La crisi economica ha colpito trasversalmente tutte le economie, mentre la ripresa continua a procedere a singhiozzo.
In questo scenaro, la crisi energetica e la crescita dell’inflazione sono le minacce maggiori per i mercati non sviluppati. Per il semplice fatto che hanno meno “armi” per fronteggiare i venti contrari.
L’impatto della crisi energetica
Negli ultimi mesi i prezzi dell’energia hanno cominciato a crescere a ritmi sempre più sostenuti.
Il simbolo della crisi energetica è il petrolio, il cui prezzo è arrivato a superare la quota degli 80 dollari al barile, come non succedeva da alcuni anni. Ma la corsa dei prezzi ha riguardanto anche il gas e il carbone, dove gli indicatori di momentum evidenziano una forza importante della spinta rialzista.
L’effetto a cascata
Il problema è che questo contesto alimenta degli effetti a cascata, perché molti prezzi di prodotti che sono a valle del processo, risentono della crisi energetica. Ad esempio il costo dei fertilizzanti è schizzato verso l’alto, in conseguenza di maggiori costi dell’energia o di interruzioni della produzione dovute alla scarsità di energia. Ma le correlazioni con i processi produttivi sono pressoché totali, per questo motivo tale vortice finisce per coinvolgere anche i prezzi di molti prodotti alimentari. Del resto sono già cresciuti in modo evidente negli ultimi mesi.
Rischio turbolenze
Nei Paesi emergenti l’inflazione degli alimentari innesca processi critici, perché il reddito disponibile della popolazione non è elevatissimo. Allora si rischiano turbolenze sociali, che per adesso stanno già apparendo in alcuni paesi. Ma molti si trovano in una situazione analoga, che va quindi monitorata con attenzione.
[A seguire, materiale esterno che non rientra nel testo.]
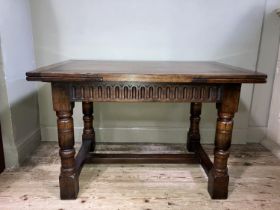 A Titchmarsh and Goodwin oak drawer leaf extending dining table on turned legs joined by an 'H'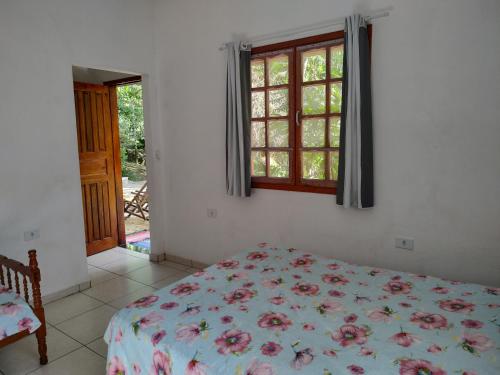 a bedroom with a bed with a floral bedspread and a window at Chalés Bela Vista in Paraty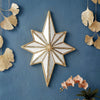 A geometric octagonal star wall mirror with gold trim mounted on a blue textured wall surrounded by gold leaf accents.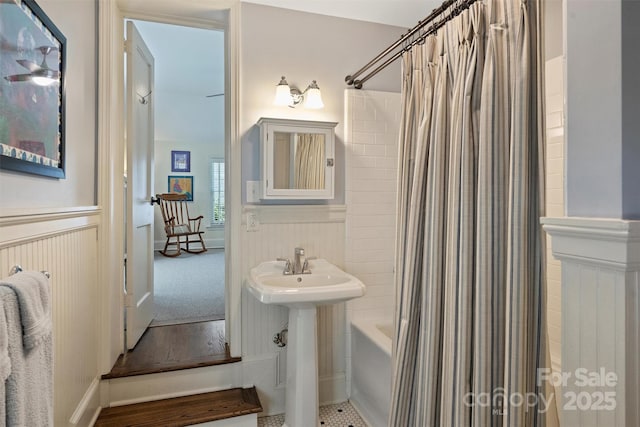 bathroom featuring a wainscoted wall, shower / bath combo, and a sink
Prospettiva della crisi: quando durerà?
Ma la domanda più importante è quando la crisi energetica è destinata a durare.
Se da una parte è vero che l’aumento dei prezzi dovrebbe dipendere squilibri temporanei di domanda e offerta, per altri versi invece è connesso a squilibri struttursali, che nel breve periodo sono difficili da eliminare. In sostanza, a lungo termine si rischiano deficit di offerta permanenti e prezzi delle materie prime più alti in diversi settori.